1 journaler for this copy...

Journal Entry 1 by potok-fan from Turku, Varsinais-Suomi Finland on Monday, March 08, 2010

7 out of 10

From the Publishers Weekly review posted on amazon:

This final memoir in the trilogy that started with Angela's Ashes and continued in 'Tis focuses almost exclusively on McCourt's 30-year teaching career in New York City's public high schools. All McCourt wanted to do was teach... Pretty soon he realized the system wasn't run by teachers but by sterile functionaries. As McCourt matured in his job, he found ingenious ways to motivate the kids: have them write "excuse notes" from Adam and Eve to God; use parts of a pen to define parts of a sentence; use cookbook recipes to get the students to think creatively. A particularly warming and enlightening lesson concerns a class of black girls at Seward Park High School who felt slighted when they were not invited to see a performance of Hamlet, and how they taught McCourt never to have diminished expectations about any of his students. McCourt throws down the gauntlet on education, asserting that teaching is more than achieving high test scores. It's about educating, about forming intellects, about getting people to think. McCourt's many fans will of course love this book, but it also should be mandatory reading for every teacher in America. And it wouldn't hurt some politicians to read it, too.

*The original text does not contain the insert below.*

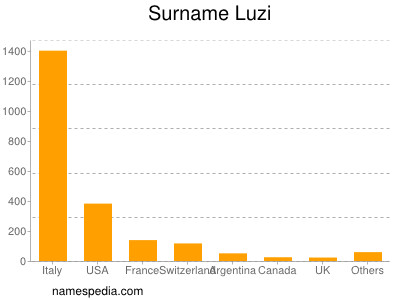 Surname Luzi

A colleague was cleaning out her bookshelves and I took this and a few other titles to register for bookcrossing. I had happened across part of Angela's Ashes on tv, but otherwise knew really nothing about McCourt. I skimmed through this, and found it a mixed bag. Some of his lessons sounded great, but I do think that letting his students side-track him into telling stories would be a problem if it happened too often. As a college lecturer, I feel ambivalent about his repeated insistence that we have it easy compared to high school teachers. I do take his point that I don't face *anything* like the discipline problems a high school teacher would face, but it doesn't mean my job is a cake-walk either. ;)

I love the picture of a retired high school teacher becoming a publishing sensation, and suddenly being able to afford posh hotels to write in!